Cuomo predicts a dip in his approval rating over gun-control legislation
Governor Andrew Cuomo said he expects public polling numbers coming out tomorrow to show some of his approval figures dipping, particularly among rural voters upstate, following the passage of his gun control legislation.
"I expected it [when] we went through it with marriage equality," Cuomo said during a radio interview on Talk1300. "We know what the polls say on this because we've done it."
When the radio host, New York Post state editor Fred Dicker, said public polling showed the governor's approval rating jumping after the gay marriage vote passed in 2011, Cuomo said that in "my polls" the initial response was an overall drop in support, before it rose.
Cuomo's campaign paid $16,000 for polling in the middle of March, well after he announced plans to pass a gay marriage bill. The campaign paid an additional $12,430 for polling at the end of May. By that point, Cuomo's role in passing the bill was garnering widespread attention.
In August of 2011, after the bill was passed, Cuomo's campaign paid $18,910 for polling. The campaign paid for additional polling in November ($18,300) and December ($8,200).

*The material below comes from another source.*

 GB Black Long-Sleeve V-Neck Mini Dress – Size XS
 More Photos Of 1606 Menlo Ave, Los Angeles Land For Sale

The governor, as he has in the past, described the debate over gun control as a "70-30" issue, with many more people in favor of it than against it. But the opposition, he said, was very vocal.
But Cuomo said he expected the noise about the gun control debate to fade, as it did with same-sex marriage, another hotly contested issue.
In another interview this morning, with Susan Arbetter on Albany-based WCNY, Cuomo said, "God gives us political capital to spend."
Not that he expects to spend it all right now.
Eighteen months after hundreds of protesters filled the halls of the Capitol, screaming for days on end, the issue of gay marriage has receded from the public discourse, said Cuomo. "Society evolved and we led the way. Guns is like that to me."
Not for everyone though. That issue returned when the four Republican state senators who supported the bill sought re-election. One, Jim Alesi of Rochester, opted not to run, hamstrung by that vote and other local issues. (He briefly brought a lawsuit against a couple on whose property he broke his leg while trespassing.)
Two other of those senators were defeated: Roy McDonald of the Capital Region and Stephen Saland of Poughheekspie.
A fourth, freshman Mark Grisanti of Buffalo, survived his re-election, though it was a harder race than most incumbent legislators usually face.